David Wong: putting ancient ethical theory to work today

By Eric McHenry

A scholar whose expertise spans 3,000 years and as many miles is this year's John N. Findlay Visiting Professor of Philosophy at BU. David Wong, an authority on both ancient Chinese and contemporary Anglophone philosophy, comes to the University from nearby Brandeis, where he holds the Harry Austryn Wolfson Professorship.

Wong will give the annual Findlay Lecture, part of the Institute for Philosophy and Religion series, at 4 p.m. on Thursday, February 25, in the George Sherman Union Conference Auditorium. His semester-long appointment also entails the teaching of two courses, Introduction to Ethics and a upper-level seminar called Types of Ethical Theory. The syllabus of the latter juxtaposes work from the ancient Chinese tradition and more recent Anglo-American thinking. With a reading list that borrows equally from Mencius and John Mackie, Wong asks students to consider the creation and modulation of human morality.

David Wong

David Wong addresses a large section of Introduction to Ethics, one of two courses he teaches as this year's John Findlay Visiting Professor of Philosophy. Members of the University community at large can hear him speak on February 25 when he delivers the Findlay Lecture, Fragmentation in Civil Society and the Good. Photo by Fred Sway


"He brings the two traditions to bear on each other," says Charles Griswold, CAS philosophy professor and department chairman. "They're not just parallel tracks in his teaching. They very much illuminate each other. Sometimes they resonate; sometimes one helps the other out by filling in gaps; and sometimes they disagree, and create a useful contrast."

Wong first became interested in comparing the two traditions as a graduate student at Princeton University, where he received his Ph.D. in 1977. His early training had been in Western and especially modern Anglophone philosophy, and he was intrigued to discover, in ancient Chinese writings, themes that stretched across the millennia.

"What struck me about Chinese philosophy when I began studying it in earnest," he says, "were the similarities in concern. There is in both traditions, for example, an explicit attention paid to processes of moral development -- to its dependence upon having the right sorts of people around, the right sorts of teachers, the right sort of context in which a person can learn to apply values and norms. The Confucians knew very well that those things can't be learned solely in the abstract. One has to see their application to particular situations."

As a philosopher, Wong's original work has shown a similar interest in putting ethical theory to practical work in the present day, Griswold says.

"His writing and thinking have also been much concerned with issues of special contemporary importance," he says, "such as those of personal and cultural identity: how to establish and defend moral community in the face of the often radical differences among and between outlooks and cultures."

Wong says he plans to treat precisely that dilemma in his Findlay Lecture, Fragmentation in Civil Society and the Good. The heterogeneity of 20th-century America provides the perfect springboard, he says, into discussion of the tension between community and pluralism and of ways to reconcile it.

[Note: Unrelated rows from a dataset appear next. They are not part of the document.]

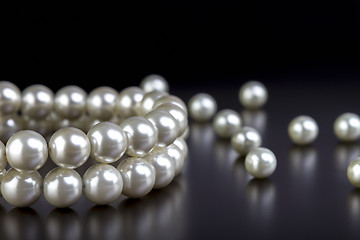 Image showing white pearls necklace on black  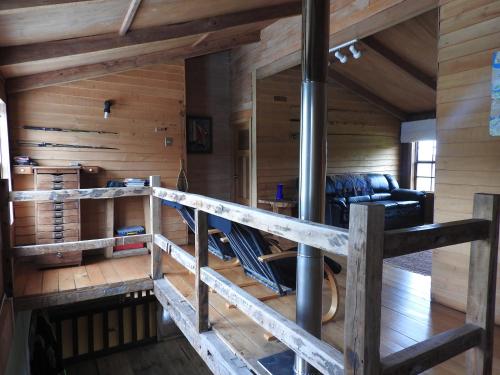sala de estar con paneles de madera y pared de madera en La Casona Puelo Lodge, en Cochamó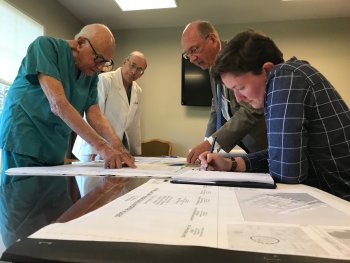 Dr. Buhite Sr. and Dr. Buhite Jr. meet with the architects for the Buhite-DiMino Center for Implant Dentistry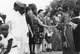 Stella, on back - Q.A.C. Speech Day - June 14, 1975 L. to R. Two male teachers, Mrs. Elhhetih, Mrs. Lacey, Mde De Nehludoff, Y.T., Mrs. Bisade, Mrs. Abdullehi - principal - and Mrs. Abbe Kyari - wife of the then Governor of Keduna State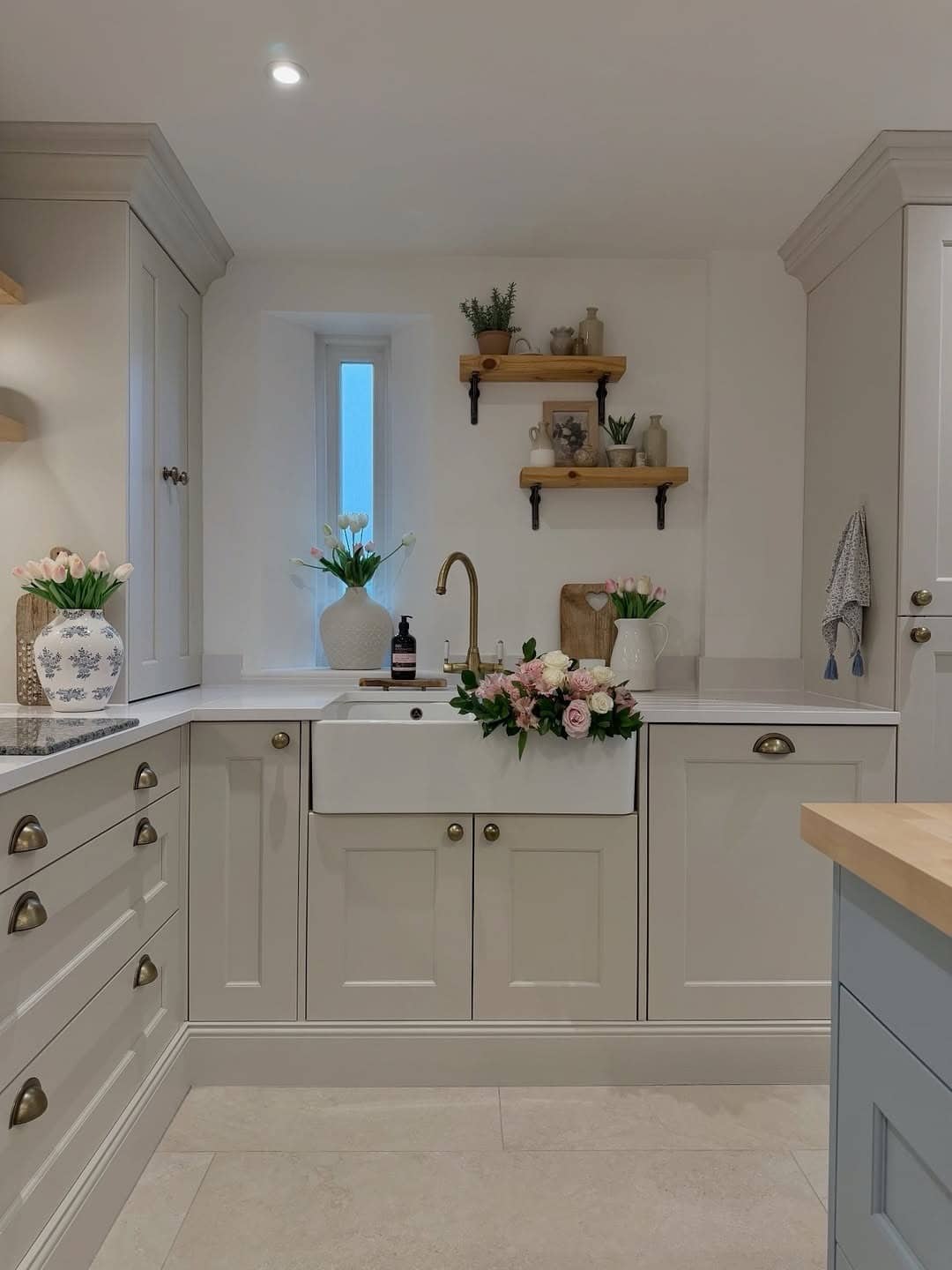 17. Cottage-Inspired Cream Kitchen with Brass Hardware - cream kitchen cabinet ideas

"I'll be addressing the needs, in a society such as ours, to accept a considerable degree of moral pluralism on the one hand," he says, "and to foster a shared commitment to values that support democratic institutions on the other." Voting, Wong will contend, is one example of an institution that affirms both the e pluribus and the unum of American society. It is of particular value in this regard, he says, not because it is a means by which individuals advance their political prerogatives, but because it is a ritual.

"Ritual is a very important vehicle for moral development in the Confucian tradition," he says. "I'll be suggesting that there's something about rituals such as voting that can help harmonize while at the same time preserving the significance of pluralism."

The excellence of Wong's research and teaching in ethical theory, comparative ethics, moral psychology, and Chinese philosophy has been recognized with fellowships from the National Endowment for the Humanities and the American Council of Learned Societies. Wong has held other distinguished visiting professorships, at the University of California-Irvine and at Wellesley College. Such credentials make him an ideal selection for the Findlay Professorship at BU, Griswold says. According to department literature, the chair "bears the name of one of Boston University's best-known philosophers," and "contributes to the recognition of the philosophy department as it continues to build upon its history of comprehensive philosophical inquiry, which is nowhere better exemplified than in Professor Findlay's life and works."